In this case, when the refrigerating compartment door 11 is opened, water droplets are formed while the outside hot air enters the inside and contacts the cold air inside the inside of the refrigerator. Particularly, the hot air is deeply entered into the inside of the refrigerator. The hot air forms water droplets around the end of the cold air distribution duct 9, which is connected to the cold air discharge duct 12, but this is caused by the high temperature refrigerant in the furnace pipe 7 ′ surrounding the outer circumferential surface of the cold air distribution duct 12. It is evaporated.

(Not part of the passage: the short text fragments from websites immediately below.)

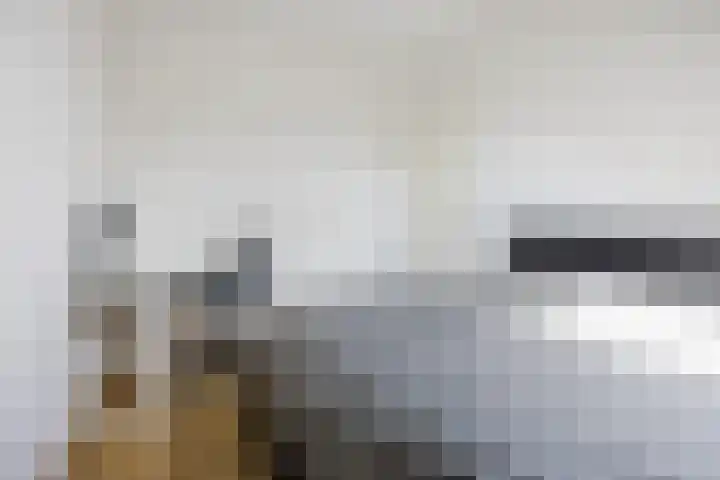 Hyacint 11 Voorhout thumbnail 30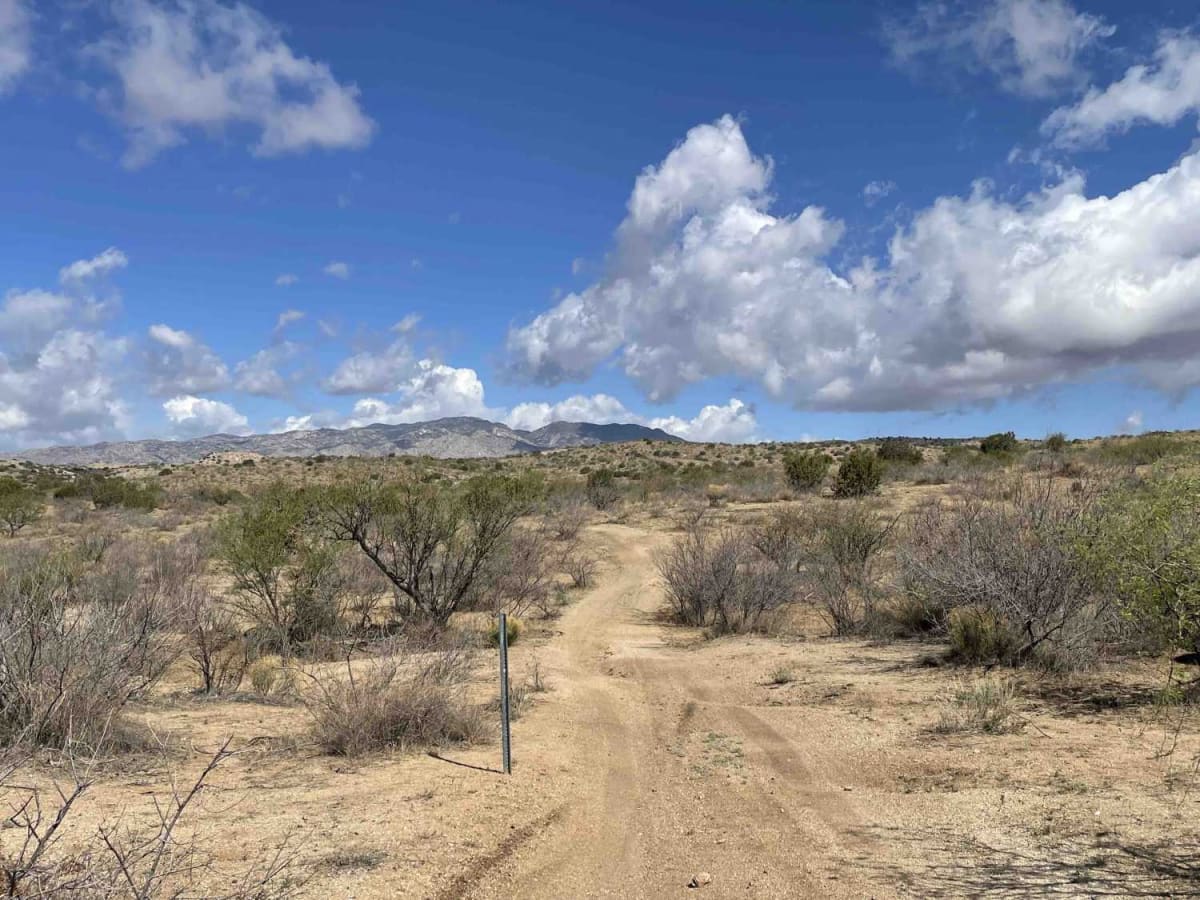 Park Tank Road #4424 photo 5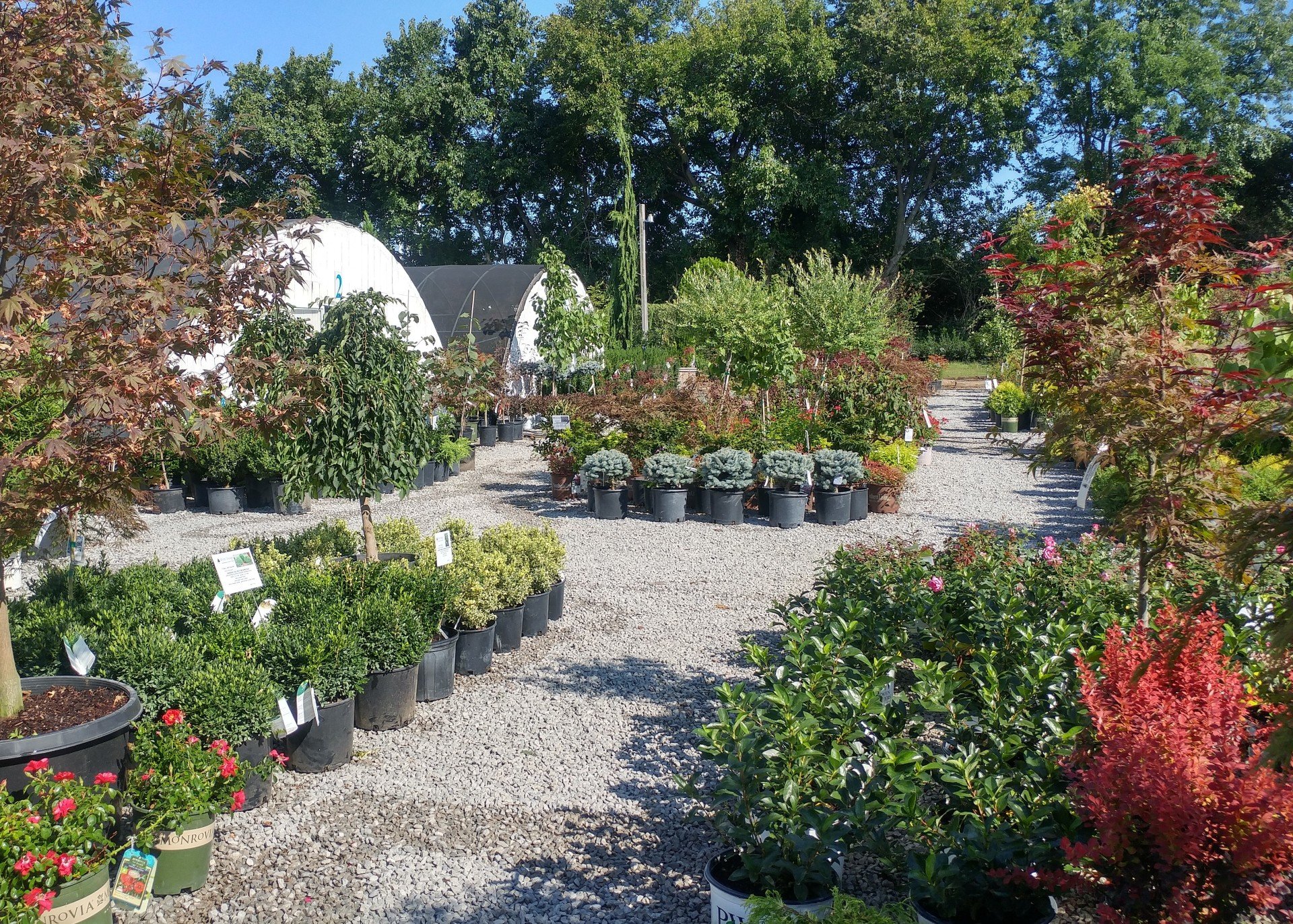Garden Center & Tree Nursery in Nicholasville, KY Glynn Young's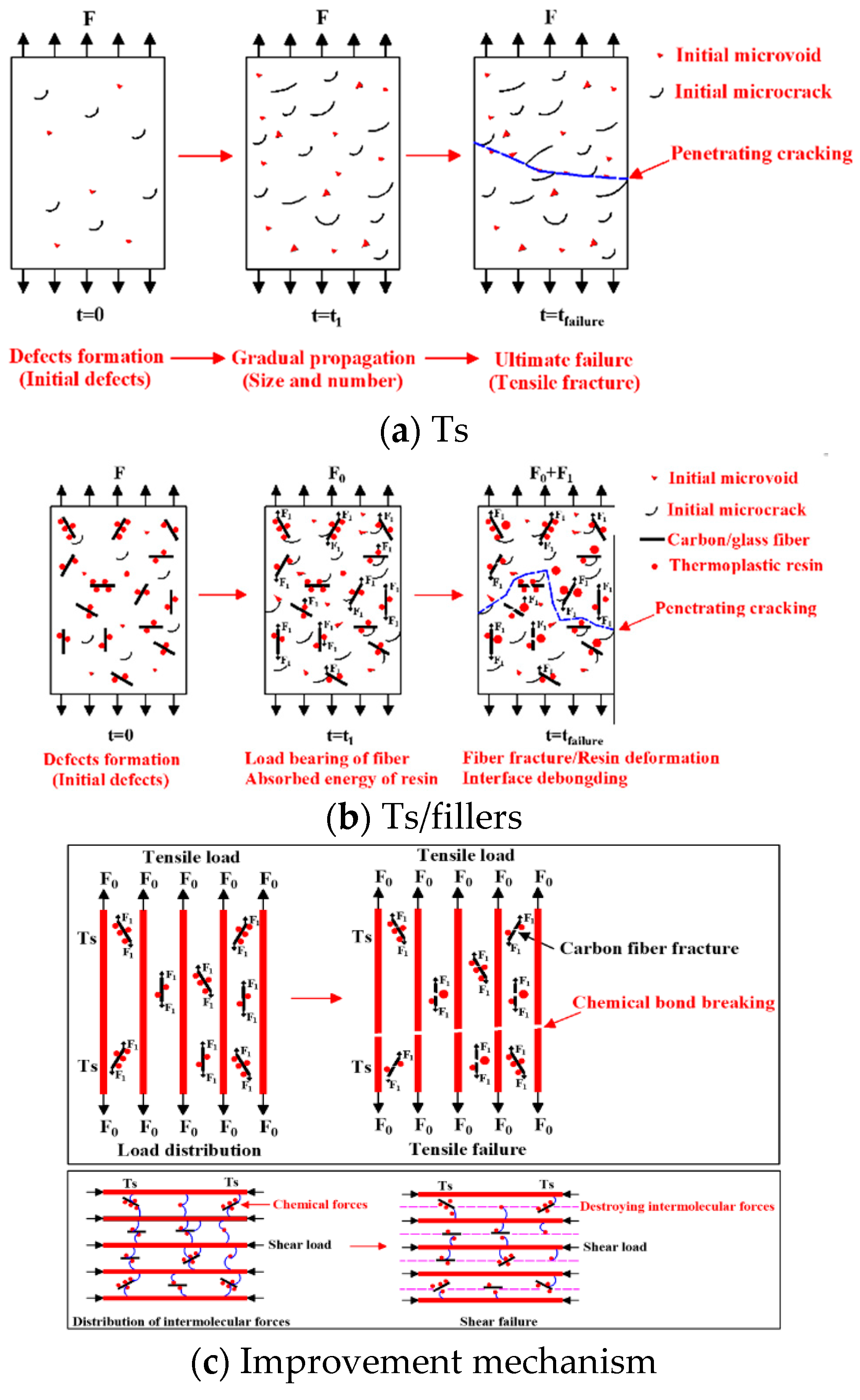 Polymers 14 01087 g018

As described above, the cold air distribution duct freezing prevention structure of the refrigerator according to the present invention wraps around the outer peripheral surface of the end portion of the cold air distribution duct connected to the cold air discharge duct with a bangropipe, and a high temperature refrigerant passing through the bangpipe is formed in the refrigerator door. By evaporating the water droplets formed around the ends of the cold air distribution duct during opening, the freezing does not grow into the cold air distribution duct, thereby improving the freezing efficiency of the refrigerator and thereby reducing power consumption.

Claims (1)

Cold air distribution ducts are branched from the cold air duct mounted on the lower side of the evaporator, embedded in the outer wall of the inner case of the refrigerating chamber, cold air discharge ducts are embedded in the refrigerating chamber door so as to correspond to the cold air distribution ducts, and the pipe is discharged from the outlet of the condenser. In a refrigerator configured to communicate with a front surface of a refrigerator main body, a high-temperature refrigerant passing through the air pipe is wound around the outer circumferential surface of an end portion of the cold air distribution duct connected to the cold air discharge duct. The cold air distribution duct freezing prevention structure of the refrigerator, characterized in that to evaporate the water droplets formed on the connection portion of the distribution duct.